“Su vida y su misión son una
maravillosa obra de Dios”. Así
resumía la vida de Benedicto XVI, hace algunas semanas, el profesor y teólogo
de Colombo Anton Meemana. Quizá muchos recordarán la célebre homilía que pronunció
el Cardenal Ratzinger, entonces Decano del Colegio Cardenalicio, en las
exequias de Juan Pablo II. Toda ella giró en torno al diálogo, compuesto de
llamada y respuesta, entre Dios y el santo Papa difunto: a cada “sígueme” de
Jesús, siguió el “aquí estoy” de Karol Wojtyla. Y es ese diálogo el secreto que
transforma una vida humana en una maravillosa obra de Dios.

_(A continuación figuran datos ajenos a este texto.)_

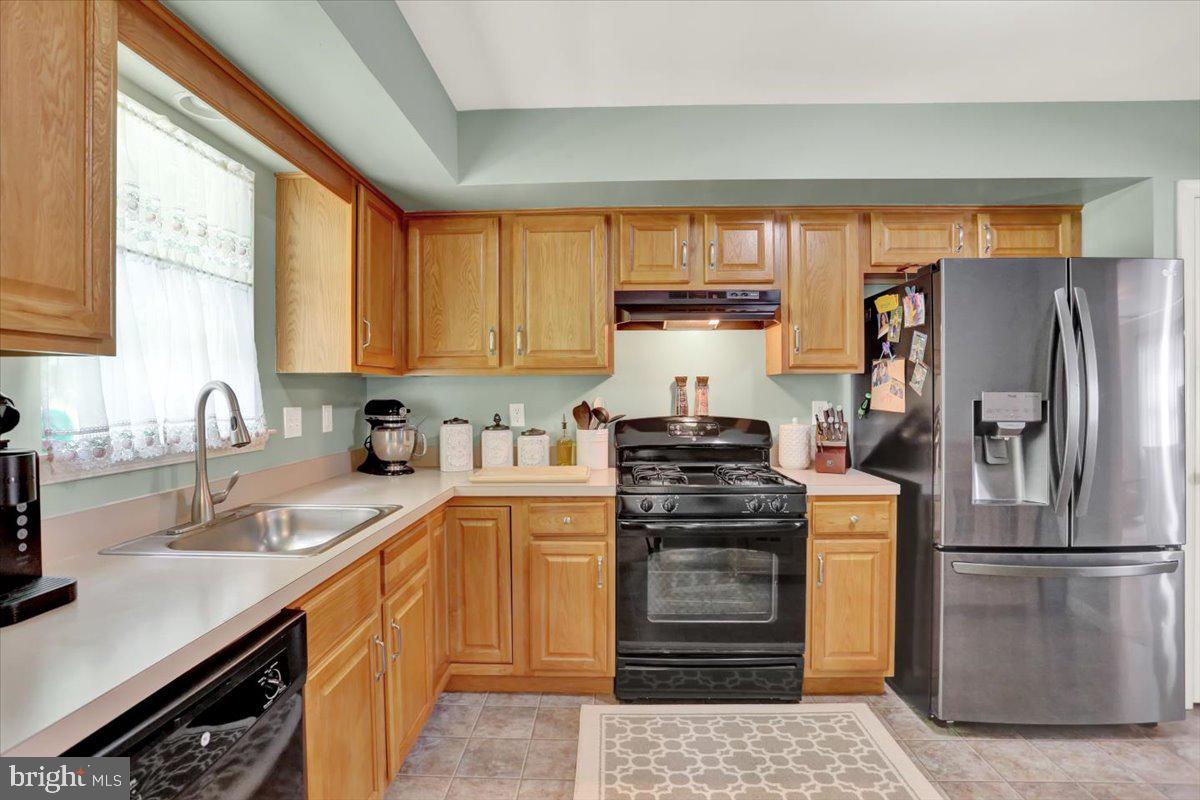 1017 Saylor Drive Temple, PA 19560 - Photo 12 of 36 a kitchen with a stove a sink and a refrigerator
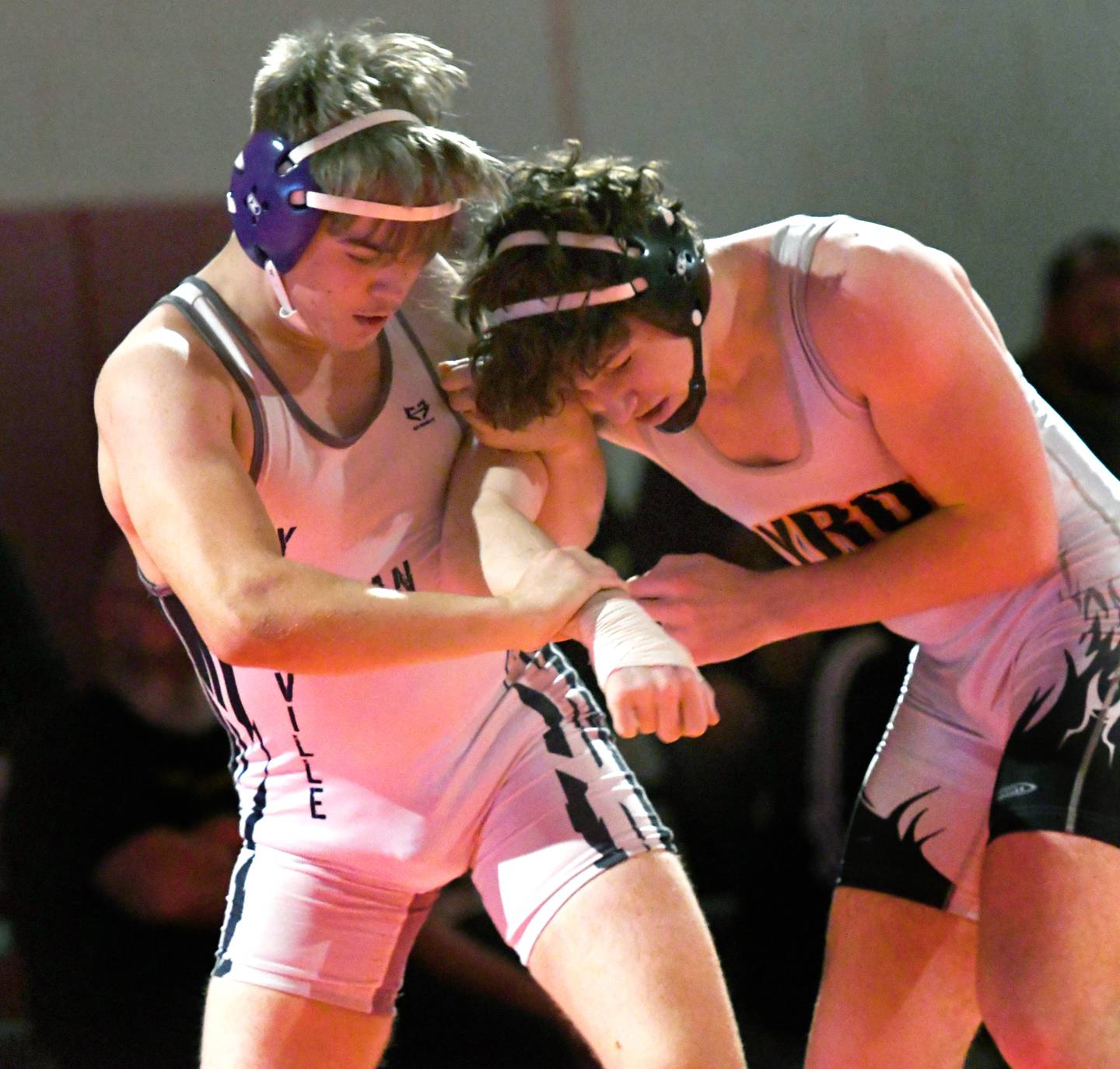 Yorkville Christian's Christopher Durbin (left) wrestles Byron's Kyle Jones for third place at 182 pounds at the 1A Oregon Wrestling Sectional on Saturday. Durbin won the match, but both wresetlers advance to the state finals.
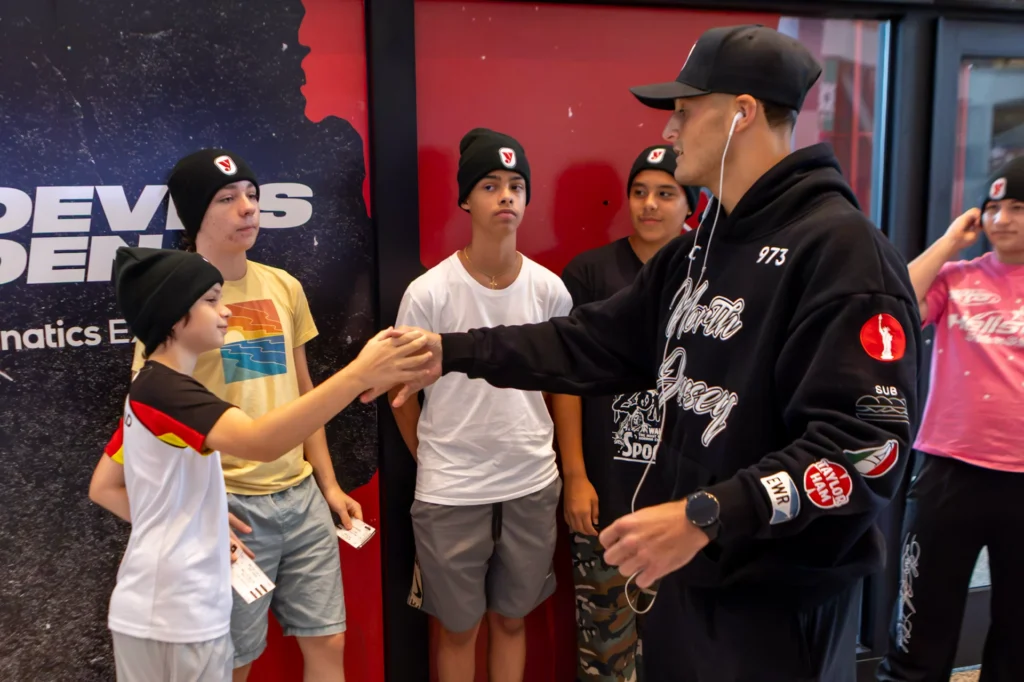 A fighter shakes hands with a young player outside the Devils Den at the Matchroom Boxing press conference at Prudential Center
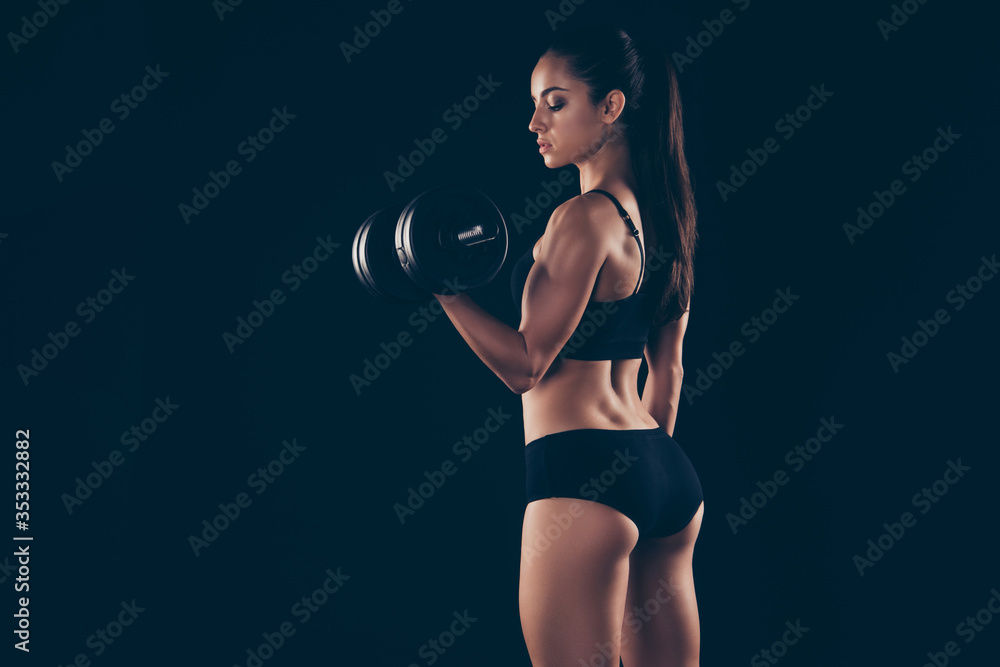 Back rear photo of charming lady youth hold hand wear tracksuit hair brunette hairstyle ponytail isolated over black background Back rear photo of charming lady youth hold hand wear tracksuit hair brunette hairstyle ponytail isolated over black background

Igualmente lo ha sabido hacer Joseph
Ratzinger; dotado de talentos muy superiores a la media común de los hombres
buenos e inteligentes, prefirió no brillar con colores propios, sino poner toda
su vida talentosa al servicio de Dios y de su Iglesia santa: toda su riqueza la
invirtió en la Iglesia y quiso que fructificara solo para ella. Por eso su
figura permanecerá incólume entre los grandes de la Iglesia. Dotado de una
sensibilidad estética casi angelical, su vida está también marcada por el
empeño de mostrarnos la belleza del Logos divino, de la verdad, de la fe, del
culto católico. Ante un mundo famélico y anoréxico de trascendencia, Benedicto
XVI nos ha ofrecido con su vida y su magisterio un manjar suculento de verdad y
belleza. Unidos en la oración, millones de fieles te decimos hoy, Papa
Benedicto: gracias y muchas felicidades.